Can an assumption be discharged without it being part of the tree? Given the following formula, use natural deduction to prove that it holds.

The answer given by the professor was the following below:

I would like to understand how we can discharge the assumption of phi at the bracket 3 without actually deriving it from the tree itself like psi at the bracket 2?
 A: 
Can an assumption be discharged without it being part of the tree?

Yes.
See e.g. Dirk van Dalen (1997) "Logic and Structure", p. 34:

With respect to the cancellation of hypotheses, we note that one does not necessarily cancel all occurrences of a proposition $\psi$. This clearly is justified, as one feels that adding hypotheses does not make a proposition underivable (irrelevant information may always be added). It is a matter of prudence, however, to cancel as much as possible. Why carry more hypotheses than necessary?
Furthermore one may apply $(\to I)$ if there is no hypotheses available for cancellation e.g. $\dfrac{\phi}{\psi \to \phi}(\to I)$ is a correct derivation, using just $(\to I)$.
To sum it up: [...] striking out some (or all) occurrences, if any [...] .
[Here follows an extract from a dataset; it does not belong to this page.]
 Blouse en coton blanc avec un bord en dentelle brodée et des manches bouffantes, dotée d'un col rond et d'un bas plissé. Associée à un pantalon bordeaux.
The semantic justification for this is monotonicity (also known as weakening): We have that

If $\Gamma \vDash \phi$, then $\Gamma, \psi \vDash \phi$.

By the deduction theorem, it also follows that

If $\Gamma \vDash \phi$, then $\Gamma \vDash \psi \to \phi$.

If a conclusion can be established from a given set of premises, then it doesn't "get lost" by adding additional knowledge, so we can always add more premises or antecedents that are not actually being needed. This semantic idea transfers to derivations.
The same applies to all other rules that allow to discharge assumptions, i.e. $(\lor E)$, $(\neg I)$ and $(RAA)$.